En esas aulas no solamente se quemaron los pisos, las paredes, los techos y demás, sino los espíritus de todos aquellos que se educaron durante 100 años, muchos de ellos habrán visto desde el cielo, la barbarie.
Aquellos que no lo saben, educarse en Aarón Castellanos, era y es un honor, una tarjeta de crédito para la vida. Personalmente lo comprobé hablando con gente mayor que me decía orgullosa: “yo me eduqué en el colegio de los curas de Castellanos”, como una garantía de formación.
Mi pueblo siempre estuvo estrechamente ligado a la enseñanza, es un ambiente natural propicio para que los niños y jóvenes se sientan bien y se eduquen, por ello funcionó durante todo este tiempo, con pupilos incluido, hasta hace un año el primario, que se cerró , quedando solamente el de la Agro-técnica. Agredir a las escuelas es agredir a la comunidad entera y a la historia de nuestra vida.

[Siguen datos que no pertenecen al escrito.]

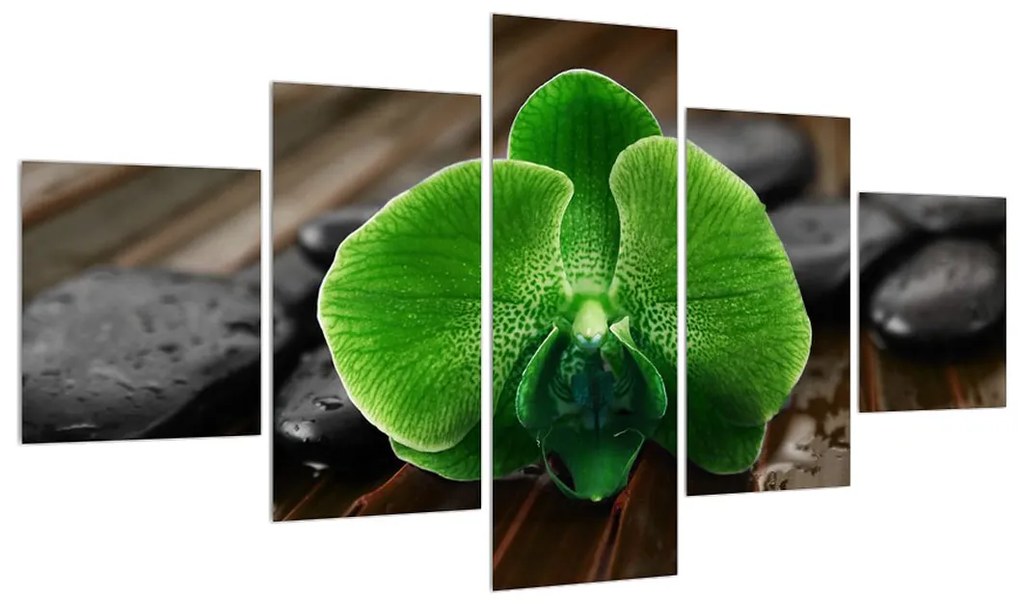 Obraz kvetu zelenej orchidee (K011770K12570)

Recuerdo aquellas cenas y guitarreadas en el comedor del convento, con el Padre Martínez, con Rossini tocando el acordeón y el hermanito Palacios - aquel fraile enviado para cerrar el colegio y que gracias a él quedó abierto hasta hoy – en un gorjeo un tanto agudo, entonaba: “En un rincón del alma donde las ansias mueren… “. Todos emponchados porque en invierno hacía mucho frio y los franciscanos ni para calefacción gastaban. Ni hablar la sopa, que viajaba desde la cocina a la mesa la suficiente distancia para que llegue helada, haciéndose bastante difícil tragarla.

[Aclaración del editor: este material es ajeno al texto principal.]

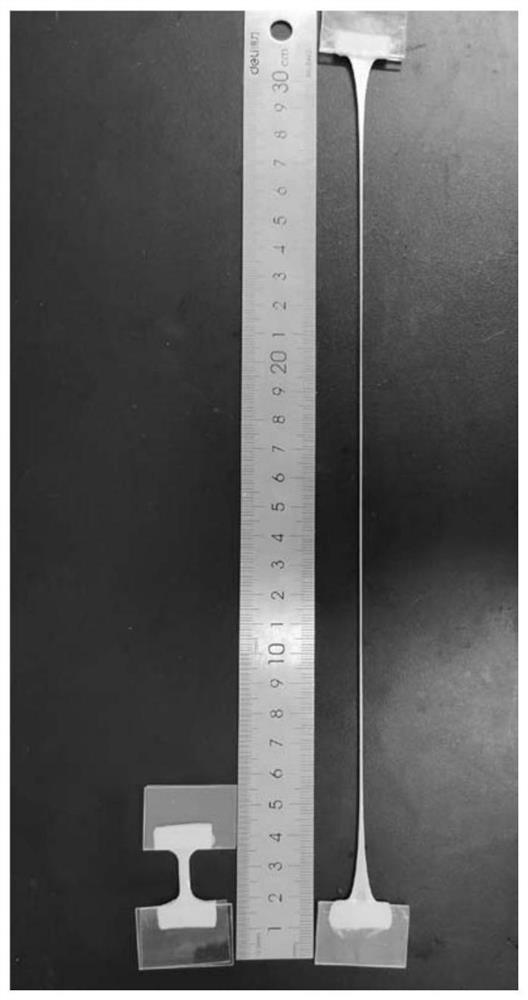 Stretchable conductive hydrogel with high water-retaining property and preparation method thereof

Después en los tiempos del Padre Francisco – aun seguía el hermanito Palacios – cuando la iglesia se llenaba de gente que venía a verlo de todos los puntos del país, en procura de aprovechar su Don, la sanación. Festejábamos su cumpleaños, lleno de gente; eso sí, Navidad y Año Nuevo en mi casa. También las visitas estelares del Padre “Puchi”, quien tenía otro Don, el de la palabra. Sus sermones eran verdaderas enseñanzas de vida, los que decía caminando por el pasillo de la iglesia a modo máximas. Y todos aquellos otros visitantes, curas y frailes, que venían a disfrutar del lugar.

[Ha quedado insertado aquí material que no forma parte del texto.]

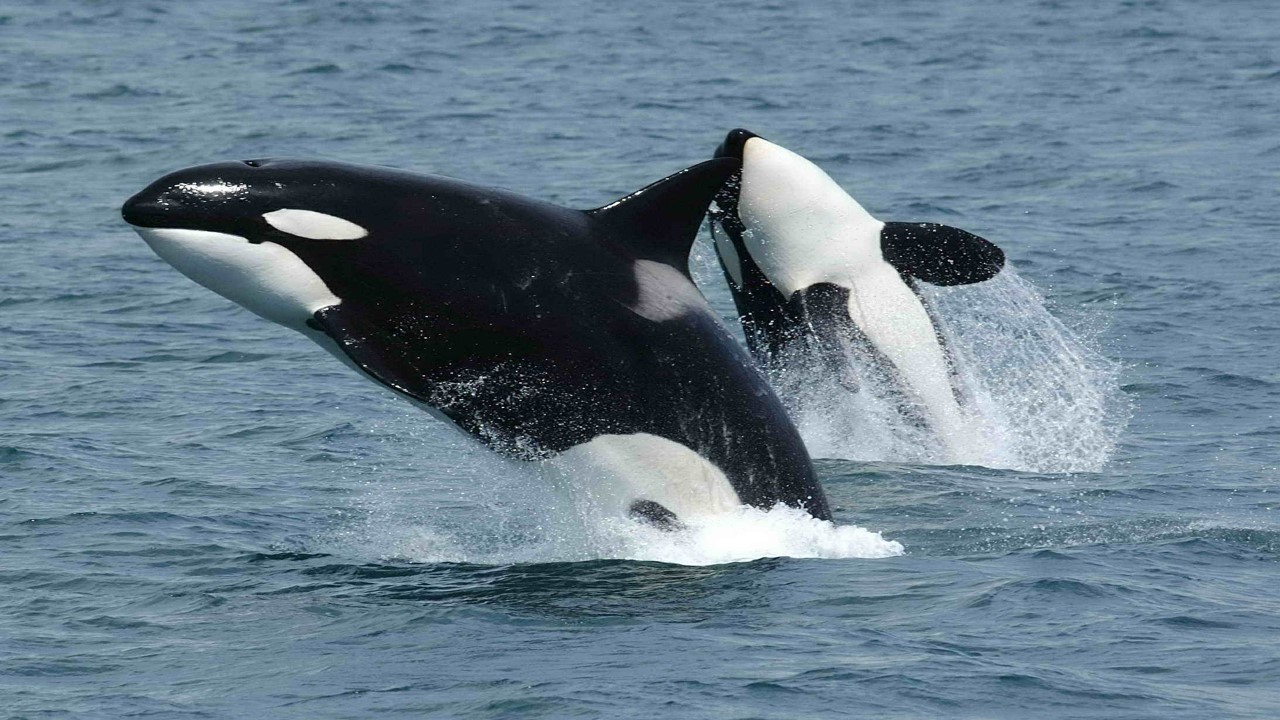 巨大サメのメガロドンは実在する 大きさ 特徴 目撃情報を紹介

¿Qué pensaran ellos de lo ocurrido?
Insisto, habiéndose descartado el accidente, la comunidad de Aarón Castellanos necesita saber, a ciencia cierta, quién o quiénes son los culpables. No por venganza, sino por justicia y para que de una vez por todas, no vuelva a ocurrir.
Si bien el país está envuelto en la violencia, que recoge la sociedad de todo aquello que se derrama desde arriba; si bien la televisión – que llega como a todos lados, a mi pueblo – contiene más violencia que recreación y educación; si bien estos hechos anteriormente ocurrieron sin ninguna respuesta; en Aarón Castellanos no deben ocurrir nunca más incidentes como este y somos nosotros los que debemos decir basta.
En esas aulas se quemaron muchos espíritus, las almas y los recuerdos de todos aquellos que pasaron por ahí y de los alumnos que hoy no pueden asistir a clases. Como también el apostolado de aquellas y estas maestras y frailes que con una devoción franciscana acudieron y acuden a la más noble acción, la de elevar el ser humano común, a la categoría de ciudadano instruido.
Entre ese humo seguramente caminó, horrorizado, asfixiado de tanta bestialidad, el maestro Alberti “alias vizcacha”, quien pasó su vida dentro de ese colegio y tan bien recordada la misma.
Ahora, cabe una sola cosa, su reconstrucción inmediata, urgente, si bien hay otras formas de continuar el ciclo lectivo, es una obligación del Estado – el que no sabe controlar estos desbandes, ni por seguridad, ni por justicia, ni por política - el que debe devolverle al pueblo su historia y su orgullo.
Estamos hartos de esos subversivos que se esconden en el anonimato para imponer la irracionalidad y la sinrazón. Tremendos cobardes, incapaces de mirar a los ojos lo justo. Pero, de esos siempre hay, algún desequilibrado nunca falta, lo irreverente, lo inaceptable, lo provocativo es que los ampare el sistema, los aplaudan sus camaradas y amigos o los custodie el Estado desde la política, la seguridad o la justicia.
Porque de eso se trata: estas cosas pasan porque nunca pasa nada… pero esta vez, nos incendiaron el alma.